The problem:
Your reply should consist only of the lines from the one with "Old Garden Babiak (Kolo)" through the end of the entries, transcribed exactly. Pictures stay out.

-- Source records follows --

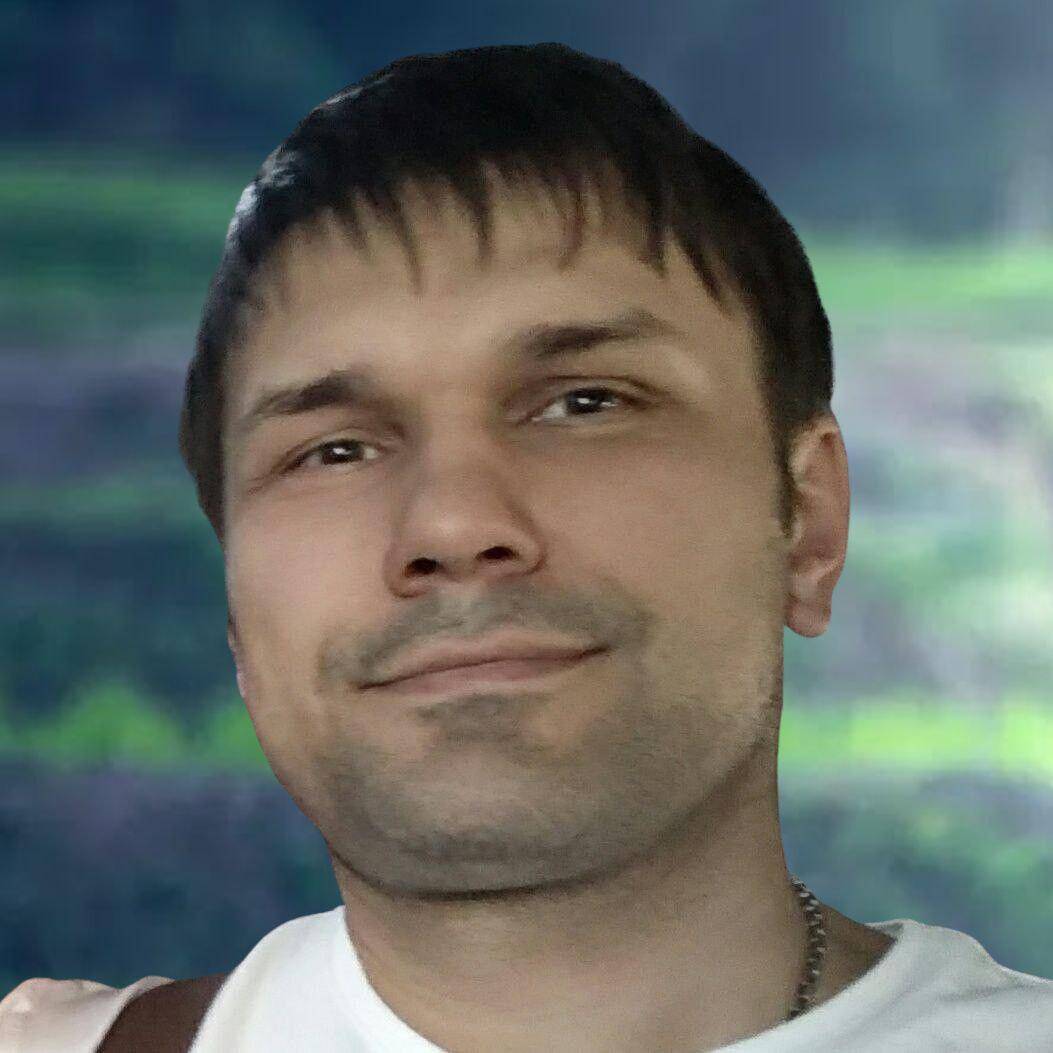 Sergey Senchenko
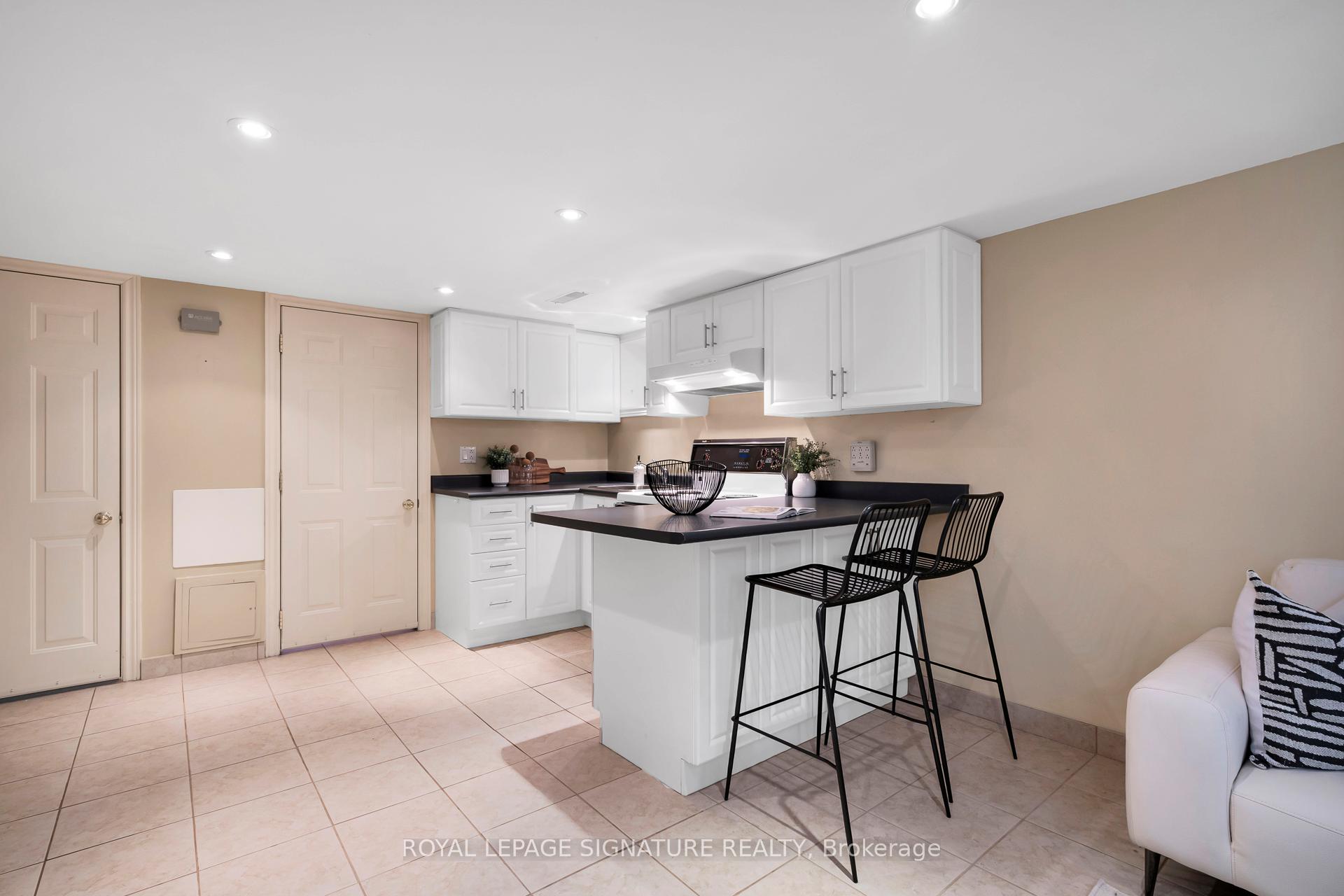 Photo 32 of 459 Milverton Boulevard, Toronto, Danforth — HOMEH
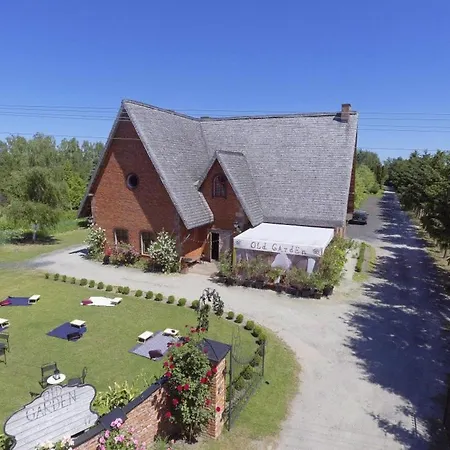 Old Garden Babiak (Kolo)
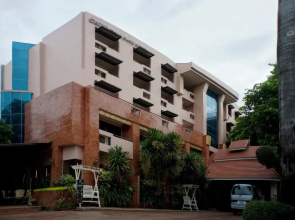 Chiang Mai Gate Hotel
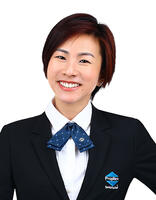 Irene Chiam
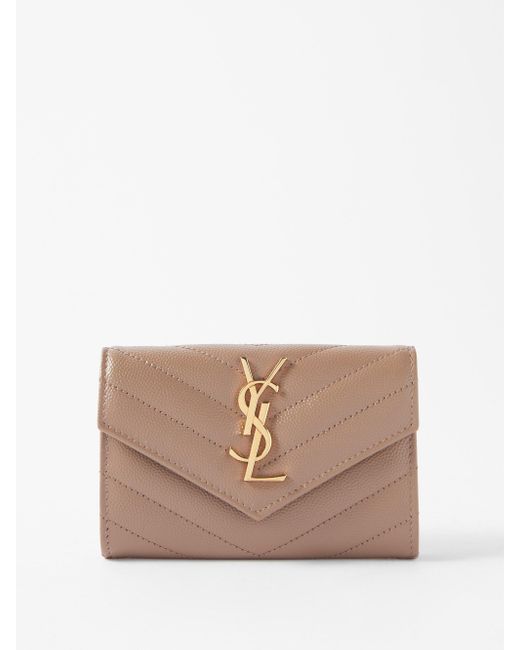 dark natural ysl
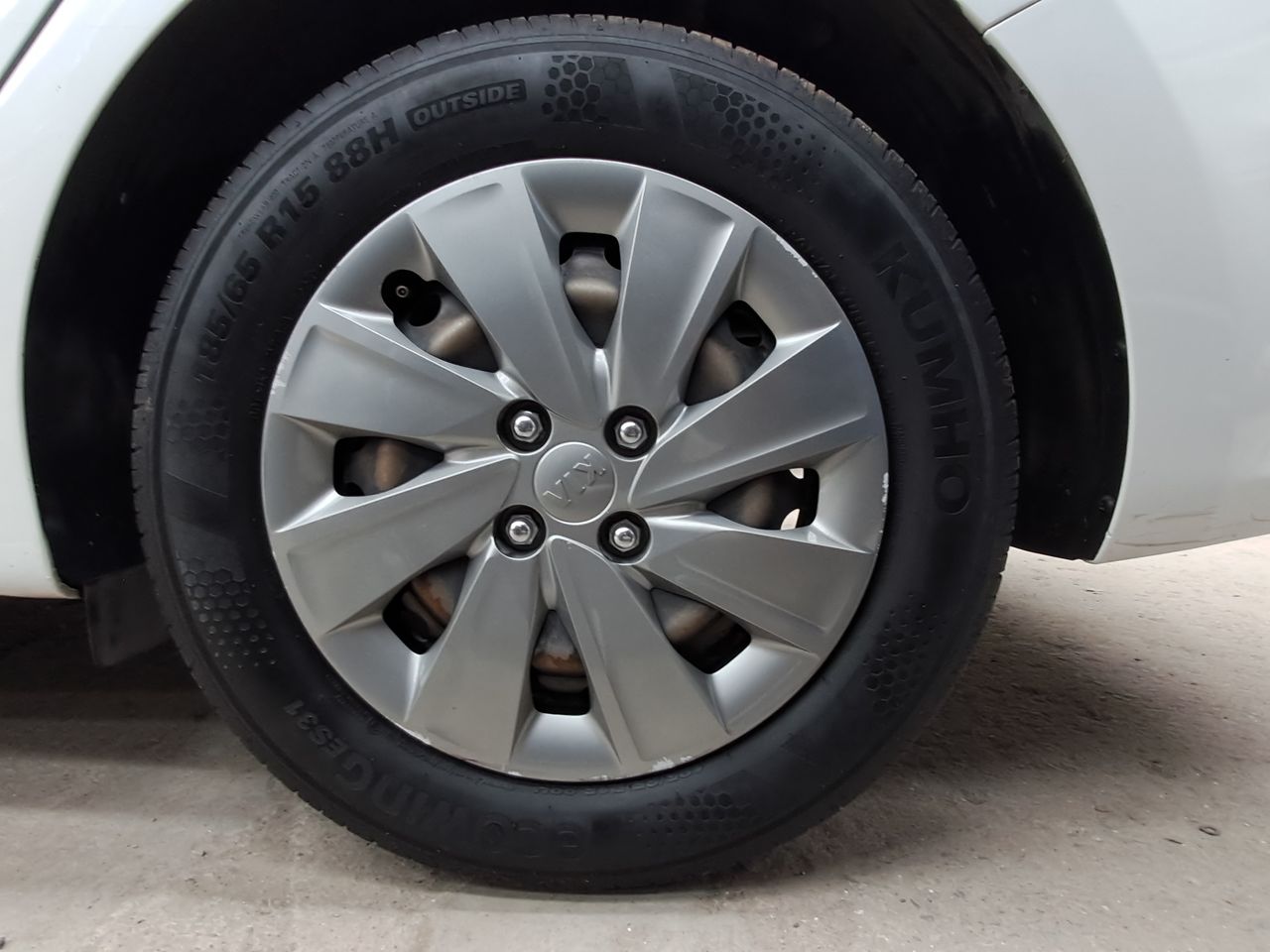 2020 Kia RIO SEDÁN L TA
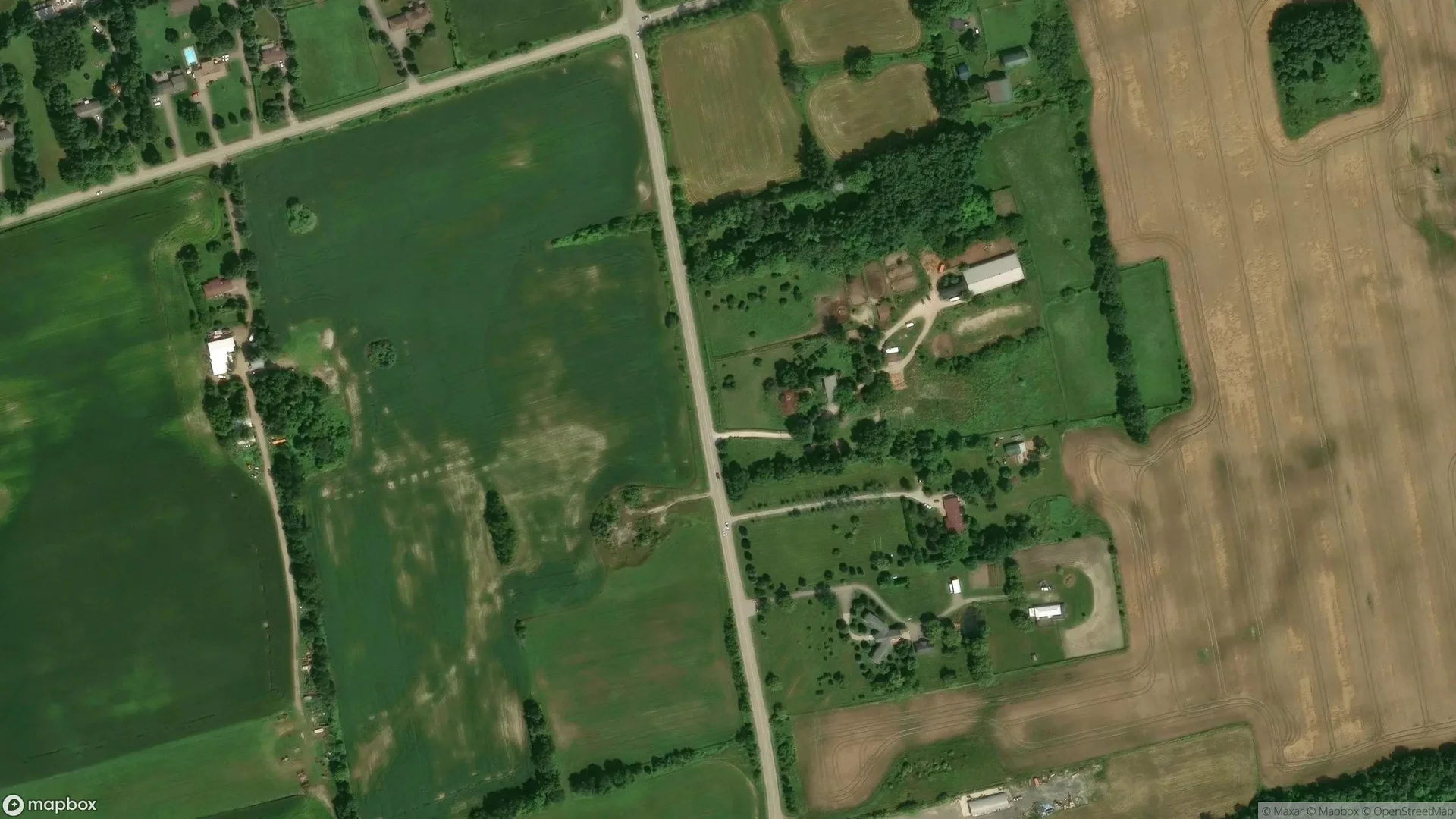 Tax Sale Property in New Tecumseth, Ontario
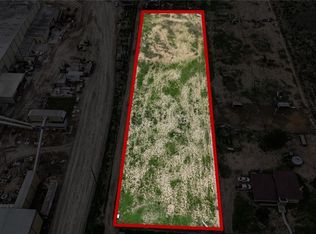1107 Pino St, Penitas, TX 78576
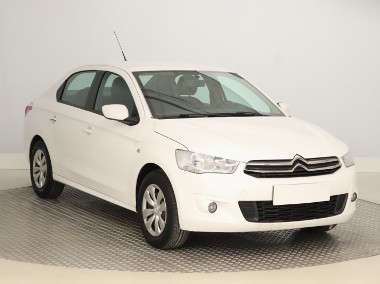 Citroen , Salon Polska, GAZ, Klima, Tempomat-1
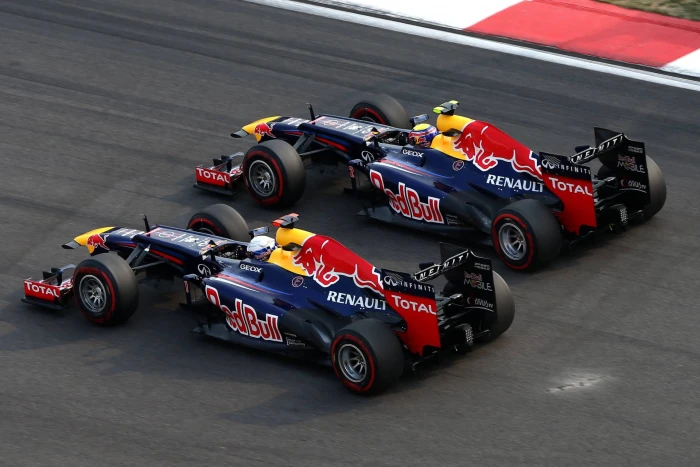Red Bull korean grand prix red bull car transportation 2k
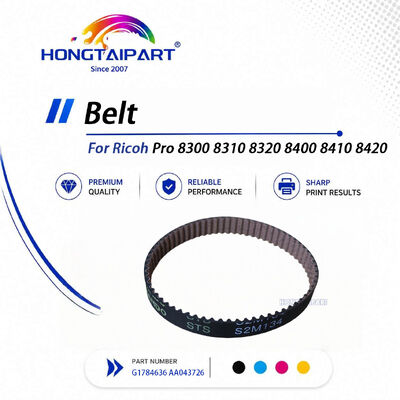 G1784636 AA043726 Dây đai cho Ricoh Pro 8300 8310 8320 8400 8410 8420 Printe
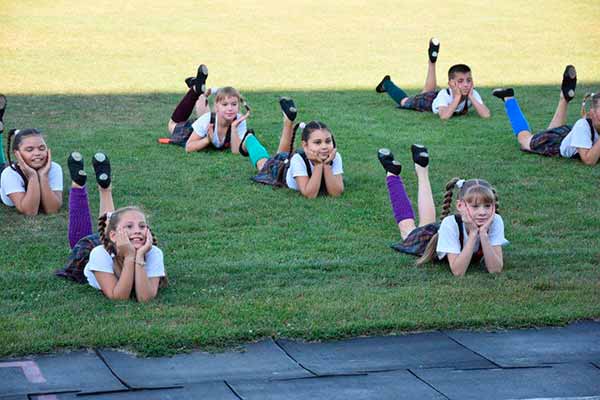 Команда ФК Пирятин посіла друге місце в Чемпіонаті Полтавщини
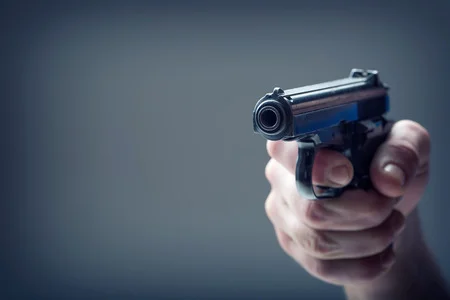 Preocupación por la frecuencia de hechos sangrientos en los que se evidencia la posesión de armas de fuego en manos de la población civil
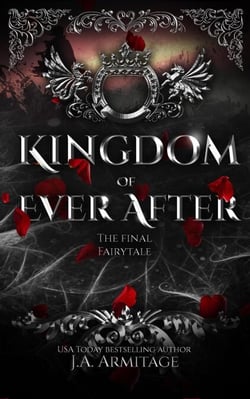 Kingdom of Ever After - Kingdom of Fairytales, #52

-- Source records concluded --

Answer area:
 Old Garden Babiak (Kolo)
 Chiang Mai Gate Hotel
 Irene Chiam
 dark natural ysl
 2020 Kia RIO SEDÁN L TA
 Tax Sale Property in New Tecumseth, Ontario
1107 Pino St, Penitas, TX 78576
 Citroen , Salon Polska, GAZ, Klima, Tempomat-1
Red Bull korean grand prix red bull car transportation 2k
 G1784636 AA043726 Dây đai cho Ricoh Pro 8300 8310 8320 8400 8410 8420 Printe
 Команда ФК Пирятин посіла друге місце в Чемпіонаті Полтавщини
 Preocupación por la frecuencia de hechos sangrientos en los que se evidencia la posesión de armas de fuego en manos de la población civil
 Kingdom of Ever After - Kingdom of Fairytales, #52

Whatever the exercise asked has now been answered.